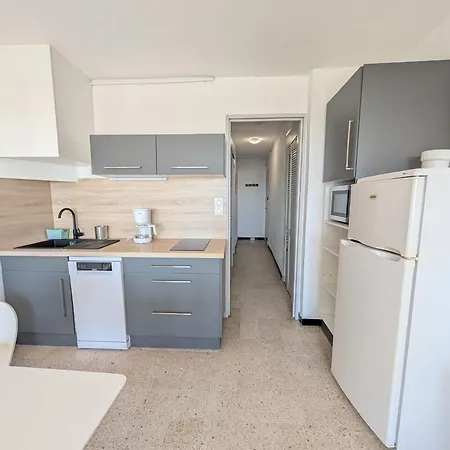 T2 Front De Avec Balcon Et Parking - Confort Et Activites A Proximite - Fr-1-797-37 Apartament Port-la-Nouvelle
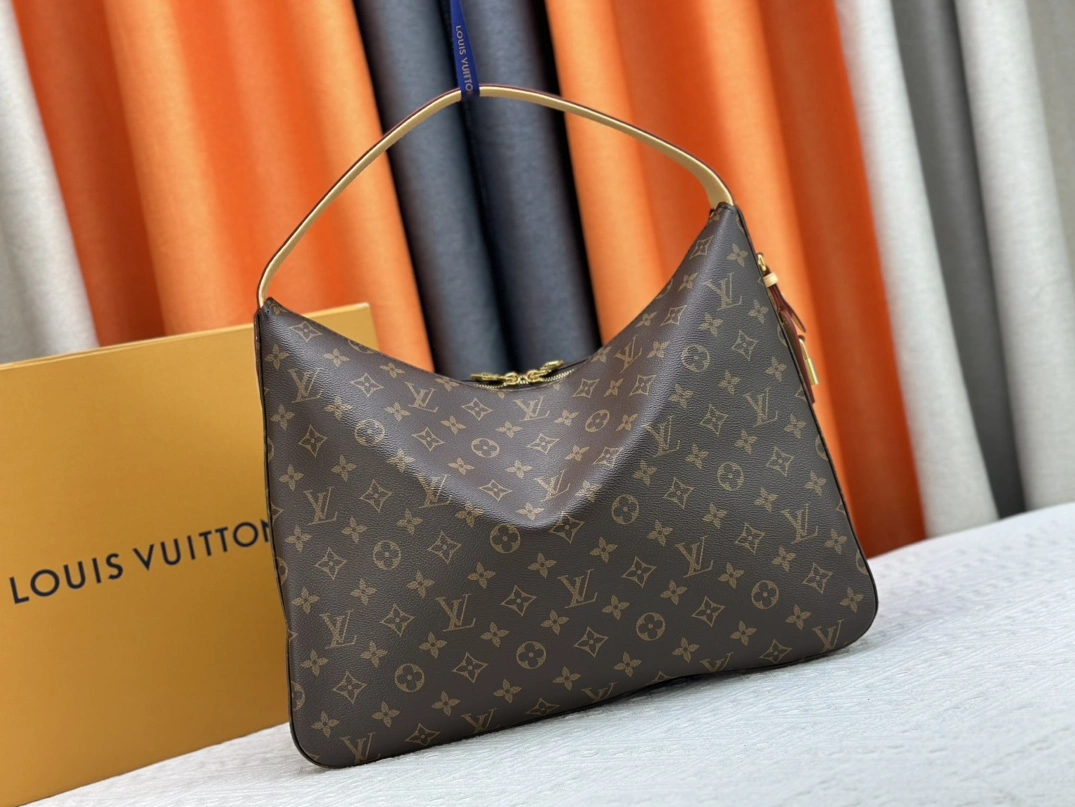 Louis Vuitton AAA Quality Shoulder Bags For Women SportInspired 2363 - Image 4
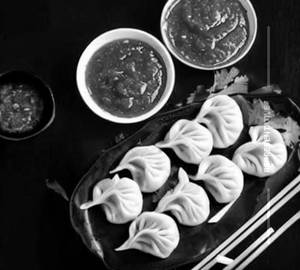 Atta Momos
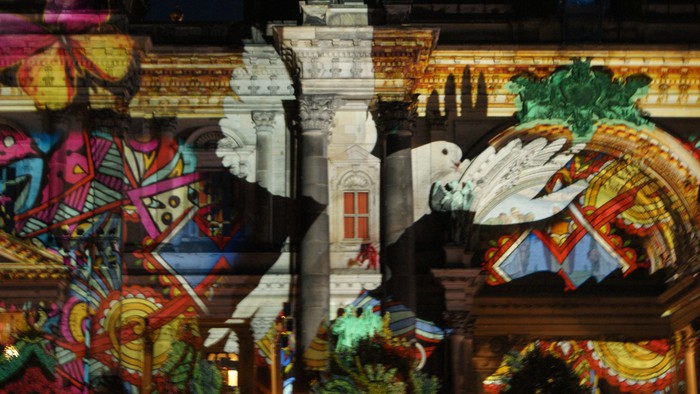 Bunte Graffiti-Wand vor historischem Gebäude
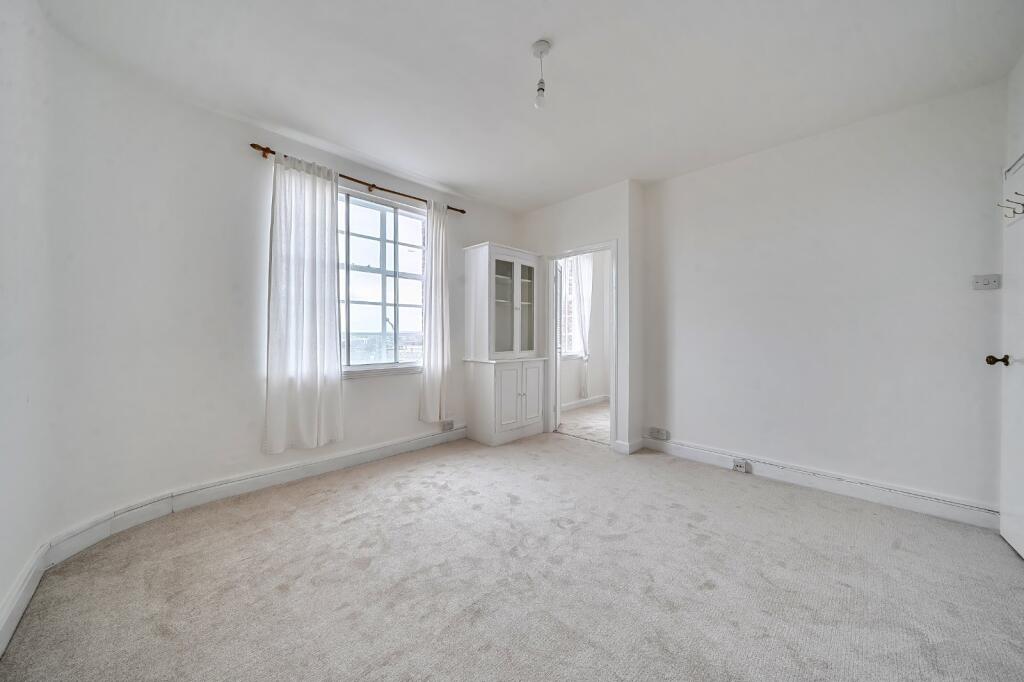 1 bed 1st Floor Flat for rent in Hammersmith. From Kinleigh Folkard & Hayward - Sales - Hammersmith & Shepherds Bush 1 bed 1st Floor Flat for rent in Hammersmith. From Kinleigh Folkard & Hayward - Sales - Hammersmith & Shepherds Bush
* * * * * * * * *
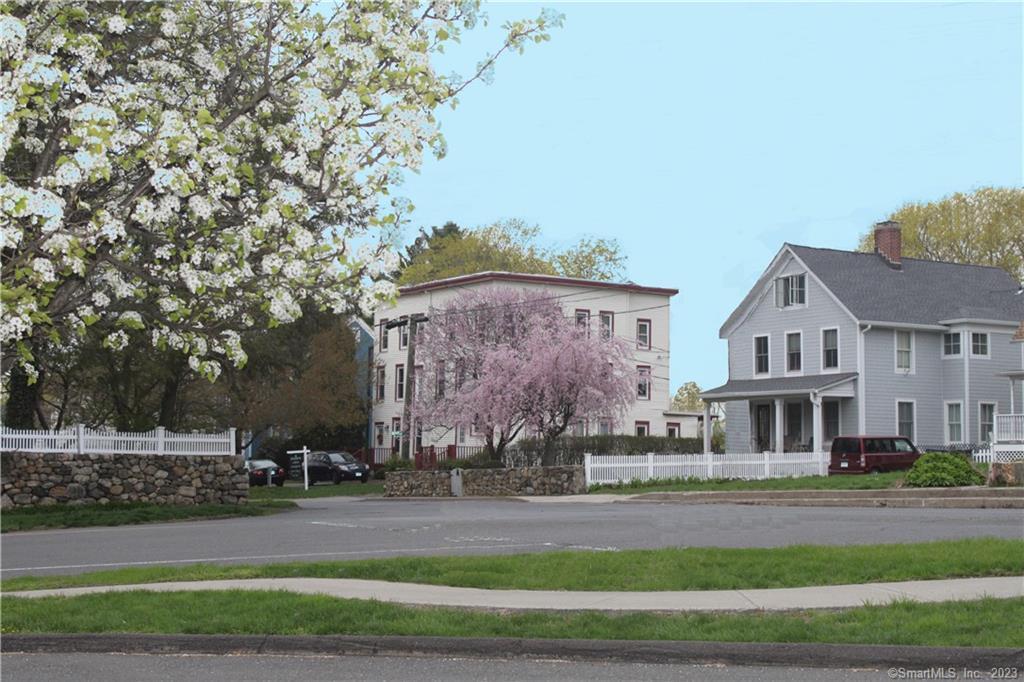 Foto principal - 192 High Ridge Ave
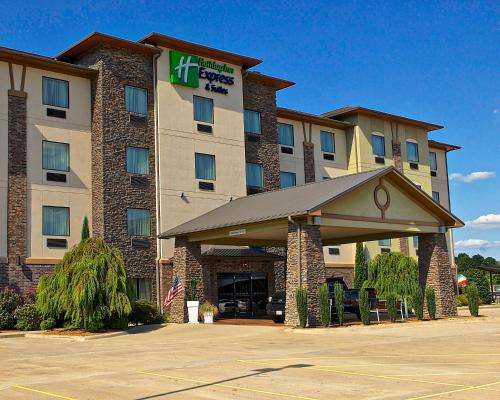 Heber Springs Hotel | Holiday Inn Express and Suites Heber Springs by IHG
* * * * * * * * *
WHAT YOU WILL DO:
Starting with the line that has "T2 Front De" and ending with the line that has "Shepherds Bush 1", repeat the lines above exactly, omitting every picture.

REPLY TO THE TASK:
 T2 Front De Avec Balcon Et Parking - Confort Et Activites A Proximite - Fr-1-797-37 Apartament Port-la-Nouvelle
 Louis Vuitton AAA Quality Shoulder Bags For Women SportInspired 2363 - Image 4
 Atta Momos
 Bunte Graffiti-Wand vor historischem Gebäude
 1 bed 1st Floor Flat for rent in Hammersmith. From Kinleigh Folkard & Hayward - Sales - Hammersmith & Shepherds Bush 1 bed 1st Floor Flat for rent in Hammersmith. From Kinleigh Folkard & Hayward - Sales - Hammersmith & Shepherds Bush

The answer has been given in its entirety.